Problem requirements
Copy out every line of the data where the word "Drive" is found.

Excerpted records
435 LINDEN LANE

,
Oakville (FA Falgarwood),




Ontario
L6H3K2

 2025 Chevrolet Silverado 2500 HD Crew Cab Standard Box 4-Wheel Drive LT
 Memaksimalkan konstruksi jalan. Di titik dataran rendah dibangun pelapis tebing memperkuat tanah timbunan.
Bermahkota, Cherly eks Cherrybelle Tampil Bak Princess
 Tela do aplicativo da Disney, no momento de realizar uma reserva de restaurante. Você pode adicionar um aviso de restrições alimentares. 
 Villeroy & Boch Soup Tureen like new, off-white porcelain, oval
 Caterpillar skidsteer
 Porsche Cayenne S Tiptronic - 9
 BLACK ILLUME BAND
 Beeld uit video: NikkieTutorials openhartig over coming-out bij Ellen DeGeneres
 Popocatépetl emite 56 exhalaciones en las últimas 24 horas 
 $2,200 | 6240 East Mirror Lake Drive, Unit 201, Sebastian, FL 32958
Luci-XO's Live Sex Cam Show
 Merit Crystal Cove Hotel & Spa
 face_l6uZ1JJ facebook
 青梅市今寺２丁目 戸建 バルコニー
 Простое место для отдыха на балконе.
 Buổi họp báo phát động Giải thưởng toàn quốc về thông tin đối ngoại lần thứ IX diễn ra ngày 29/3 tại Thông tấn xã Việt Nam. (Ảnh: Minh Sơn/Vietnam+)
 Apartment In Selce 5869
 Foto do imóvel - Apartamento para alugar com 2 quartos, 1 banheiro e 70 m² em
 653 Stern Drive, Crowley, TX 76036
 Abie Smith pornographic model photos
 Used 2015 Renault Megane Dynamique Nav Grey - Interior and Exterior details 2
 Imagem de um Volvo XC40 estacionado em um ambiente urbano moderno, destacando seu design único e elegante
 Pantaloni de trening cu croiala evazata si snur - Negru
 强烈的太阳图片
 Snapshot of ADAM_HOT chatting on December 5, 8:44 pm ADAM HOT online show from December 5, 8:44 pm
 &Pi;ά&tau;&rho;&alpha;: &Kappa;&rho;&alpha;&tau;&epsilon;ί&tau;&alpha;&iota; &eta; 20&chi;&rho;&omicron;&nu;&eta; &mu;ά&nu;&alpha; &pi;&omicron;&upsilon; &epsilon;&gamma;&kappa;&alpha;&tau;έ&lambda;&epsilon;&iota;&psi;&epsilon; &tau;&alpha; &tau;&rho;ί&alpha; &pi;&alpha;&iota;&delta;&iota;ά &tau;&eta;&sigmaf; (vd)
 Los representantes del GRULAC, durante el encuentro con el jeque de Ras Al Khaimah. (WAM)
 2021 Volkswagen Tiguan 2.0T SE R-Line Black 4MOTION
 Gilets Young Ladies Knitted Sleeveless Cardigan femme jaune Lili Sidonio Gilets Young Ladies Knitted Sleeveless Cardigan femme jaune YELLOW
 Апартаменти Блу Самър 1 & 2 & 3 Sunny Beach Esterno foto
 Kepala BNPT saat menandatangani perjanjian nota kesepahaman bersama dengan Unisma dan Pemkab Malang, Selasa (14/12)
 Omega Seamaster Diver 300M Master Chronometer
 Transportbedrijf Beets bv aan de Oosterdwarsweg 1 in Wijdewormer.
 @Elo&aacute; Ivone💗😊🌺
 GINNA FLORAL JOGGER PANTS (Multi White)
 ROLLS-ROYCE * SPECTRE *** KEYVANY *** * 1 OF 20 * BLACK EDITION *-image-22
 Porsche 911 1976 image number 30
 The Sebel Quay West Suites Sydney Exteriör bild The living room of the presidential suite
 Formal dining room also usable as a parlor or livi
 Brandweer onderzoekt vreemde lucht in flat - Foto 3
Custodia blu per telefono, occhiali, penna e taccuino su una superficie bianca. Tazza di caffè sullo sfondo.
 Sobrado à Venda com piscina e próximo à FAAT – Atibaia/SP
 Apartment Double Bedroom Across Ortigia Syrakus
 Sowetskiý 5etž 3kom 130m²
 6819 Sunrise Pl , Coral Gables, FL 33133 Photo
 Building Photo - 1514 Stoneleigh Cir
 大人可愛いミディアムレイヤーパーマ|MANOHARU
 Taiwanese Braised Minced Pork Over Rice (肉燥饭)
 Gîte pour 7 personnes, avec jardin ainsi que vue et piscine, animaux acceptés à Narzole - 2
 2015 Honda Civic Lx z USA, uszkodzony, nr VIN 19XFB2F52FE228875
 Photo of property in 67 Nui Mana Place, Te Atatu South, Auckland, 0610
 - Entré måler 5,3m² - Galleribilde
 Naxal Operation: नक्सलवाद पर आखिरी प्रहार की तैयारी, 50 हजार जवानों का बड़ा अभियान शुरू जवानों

Expected answer
 2025 Chevrolet Silverado 2500 HD Crew Cab Standard Box 4-Wheel Drive LT
 $2,200 | 6240 East Mirror Lake Drive, Unit 201, Sebastian, FL 32958
 653 Stern Drive, Crowley, TX 76036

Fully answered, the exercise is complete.